One day in 1843, the artist John Calcott Horsley visited the designer, writer and civil servant Henry Cole at his Bond Street, London premises. Under the pseudonym ‘Felix Summerley’, Cole had set up a firm for ‘art manufacture’. One outcome of their meeting was the idea for the world’s first Christmas card, yet it was a notion which, in one form or another, had been around for two thousand years or so.
For example, the Romans had once sent gifts to the Emperor to mark the New Year, but over time the formal tablets on which greetings were engraved gradually replaced the gifts. This custom died with the fall of the Roman Empire, but resurfaced in 15th century Germany with a Christian emphasis, its pagan origins forgotten. This time, religious cards featuring the infant Jesus were produced, and usually captioned ‘a blessed New Year’.

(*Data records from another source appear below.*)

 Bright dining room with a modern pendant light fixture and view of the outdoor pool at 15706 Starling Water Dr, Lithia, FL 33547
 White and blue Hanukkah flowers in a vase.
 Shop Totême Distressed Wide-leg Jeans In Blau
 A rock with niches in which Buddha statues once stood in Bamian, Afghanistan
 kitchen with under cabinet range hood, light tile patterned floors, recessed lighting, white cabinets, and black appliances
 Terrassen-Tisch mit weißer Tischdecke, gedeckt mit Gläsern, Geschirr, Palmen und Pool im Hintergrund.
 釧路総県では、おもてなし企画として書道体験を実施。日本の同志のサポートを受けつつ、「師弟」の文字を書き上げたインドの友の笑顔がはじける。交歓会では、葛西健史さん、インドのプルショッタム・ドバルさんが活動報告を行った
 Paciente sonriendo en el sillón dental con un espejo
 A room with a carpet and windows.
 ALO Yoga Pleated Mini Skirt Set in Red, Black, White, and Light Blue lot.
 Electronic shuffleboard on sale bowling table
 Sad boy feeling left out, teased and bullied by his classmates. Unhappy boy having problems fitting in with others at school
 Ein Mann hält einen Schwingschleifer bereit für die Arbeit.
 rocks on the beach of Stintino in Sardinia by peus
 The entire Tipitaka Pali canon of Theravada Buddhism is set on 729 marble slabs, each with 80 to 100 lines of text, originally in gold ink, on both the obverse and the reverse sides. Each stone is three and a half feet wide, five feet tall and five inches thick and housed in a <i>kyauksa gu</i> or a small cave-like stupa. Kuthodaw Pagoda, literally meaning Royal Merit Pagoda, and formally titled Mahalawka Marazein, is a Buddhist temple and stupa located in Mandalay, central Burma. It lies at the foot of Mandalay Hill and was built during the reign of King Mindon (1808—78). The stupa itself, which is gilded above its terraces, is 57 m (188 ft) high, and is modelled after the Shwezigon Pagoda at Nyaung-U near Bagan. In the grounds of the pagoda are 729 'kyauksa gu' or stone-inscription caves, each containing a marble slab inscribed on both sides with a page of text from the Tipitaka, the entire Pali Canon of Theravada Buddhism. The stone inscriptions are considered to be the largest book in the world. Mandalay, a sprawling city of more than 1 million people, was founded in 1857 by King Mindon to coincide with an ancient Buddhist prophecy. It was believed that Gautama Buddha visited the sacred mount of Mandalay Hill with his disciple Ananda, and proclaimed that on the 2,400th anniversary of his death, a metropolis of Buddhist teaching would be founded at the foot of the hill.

Continental New Year Cards
Yet the idea fell out of fashion, and three hundred years were to elapse before it was revived, still in Germany. At first it was simply a continental version of our own first-footing, but it soon spread throughout most of Western Europe. People would go out on New Year’s Day to wish their friends good luck. If the friends were out first-footing too, they left visiting cards, on the back of which they had scribbled their good wishes. From there it was a simple step for the local printer to produce cards with a ready-made greeting. Although the card designs featured flowers and the occasional stage-coach, food was a popular subject, especially cakes and pies – but no turkeys. However, they were not Christmas cards and they were not used in Great Britain.
Cole and Horsley
Then Cole and Horsley arrived on the scene. Cole was a friend of Queen Victoria’s husband, the Prince Consort, Albert, a German who had recently introduced his native Christmas tree to England. It seems possible that Cole may have learned about the continental New Year cards from the Prince.
In 1846, three years after Cole had commissioned Horsley, one thousand copies of the first Christmas card were produced. It was a hand-coloured lithograph showing a family drinking a toast, and it bore the caption: ‘A Merry Christmas and a Happy New Year to you.’
Unfortunately it didn’t sell. Henry Cole gave up on the Christmas card business, and turned his attention to other things. Under the patronage of Prince Albert, he planned and largely organised the Great Exhibition of 1851, and was subsequently appointed director of the South Kensington Museum in London, which later became the Victoria and Albert Museum.
But since the turn of the nineteenth century, diverse influences had been pulling and pushing at the old Roman idea of sending gifts to the Emperor. For example, in many parts of Europe St Nicholas, the patron saint of children, had his festival day on 6 December, and it was the custom for parents to secretly convey presents to their children on the evening before and pretend that they were brought by St Nicholas. The contraction of St Nicholas to Santa Claus and the transference of this custom to Christmas made Yuletide immensely popular.
Christmas cards were about to make a comeback, and not only because colour printing was becoming cheaper. The penny post, originated by Rowland Hill, was looming on the horizon. Interestingly, the adhesive stamp was invented by none other than … Sir Henry Cole. By 1877 the first ‘Post Early for Christmas’ notices appeared, and there has been virtually no let up ever since.